*** Data provided Section Begins ***

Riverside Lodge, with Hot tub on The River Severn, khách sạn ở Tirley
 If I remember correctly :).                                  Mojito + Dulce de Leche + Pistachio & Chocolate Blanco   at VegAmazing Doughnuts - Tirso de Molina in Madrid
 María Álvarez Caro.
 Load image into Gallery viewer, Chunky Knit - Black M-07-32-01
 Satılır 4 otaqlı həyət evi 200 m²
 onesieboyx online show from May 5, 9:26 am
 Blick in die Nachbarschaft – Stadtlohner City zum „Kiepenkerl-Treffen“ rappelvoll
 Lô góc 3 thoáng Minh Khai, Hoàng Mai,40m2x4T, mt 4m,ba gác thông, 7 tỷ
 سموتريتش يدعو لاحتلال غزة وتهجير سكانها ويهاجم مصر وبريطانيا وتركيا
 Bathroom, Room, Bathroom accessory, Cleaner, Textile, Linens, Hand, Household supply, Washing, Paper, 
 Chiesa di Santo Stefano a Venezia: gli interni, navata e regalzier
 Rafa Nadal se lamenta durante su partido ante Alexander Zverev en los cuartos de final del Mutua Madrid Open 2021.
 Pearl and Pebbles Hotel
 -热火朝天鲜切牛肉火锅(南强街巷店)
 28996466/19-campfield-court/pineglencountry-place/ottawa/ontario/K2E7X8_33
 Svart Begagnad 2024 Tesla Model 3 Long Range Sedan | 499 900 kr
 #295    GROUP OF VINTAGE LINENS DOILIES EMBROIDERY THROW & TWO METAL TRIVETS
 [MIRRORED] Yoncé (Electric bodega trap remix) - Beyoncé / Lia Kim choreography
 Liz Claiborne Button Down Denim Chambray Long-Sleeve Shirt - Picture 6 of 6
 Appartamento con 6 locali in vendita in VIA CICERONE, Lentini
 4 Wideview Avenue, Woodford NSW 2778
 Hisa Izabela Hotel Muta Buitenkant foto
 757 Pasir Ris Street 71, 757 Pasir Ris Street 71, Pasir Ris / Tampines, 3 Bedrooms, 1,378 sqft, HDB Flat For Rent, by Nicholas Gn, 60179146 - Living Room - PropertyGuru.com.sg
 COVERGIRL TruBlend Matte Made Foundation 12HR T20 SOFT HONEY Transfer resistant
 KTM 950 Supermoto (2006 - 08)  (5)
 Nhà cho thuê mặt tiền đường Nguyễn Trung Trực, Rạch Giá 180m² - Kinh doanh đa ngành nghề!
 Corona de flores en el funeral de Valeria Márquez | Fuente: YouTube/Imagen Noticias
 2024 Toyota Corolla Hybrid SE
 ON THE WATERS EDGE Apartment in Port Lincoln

*** Data provided Section Ends ***

_What you should do_
Your task is to repeat the records exactly. Begin at their first line and stop after the line containing "سموتريتش يدعو لاحتلال".

_Answer area_
Riverside Lodge, with Hot tub on The River Severn, khách sạn ở Tirley
 If I remember correctly :).                                  Mojito + Dulce de Leche + Pistachio & Chocolate Blanco   at VegAmazing Doughnuts - Tirso de Molina in Madrid
 María Álvarez Caro.
 Load image into Gallery viewer, Chunky Knit - Black M-07-32-01
 Satılır 4 otaqlı həyət evi 200 m²
 onesieboyx online show from May 5, 9:26 am
 Blick in die Nachbarschaft – Stadtlohner City zum „Kiepenkerl-Treffen“ rappelvoll
 Lô góc 3 thoáng Minh Khai, Hoàng Mai,40m2x4T, mt 4m,ba gác thông, 7 tỷ
 سموتريتش يدعو لاحتلال غزة وتهجير سكانها ويهاجم مصر وبريطانيا وتركيا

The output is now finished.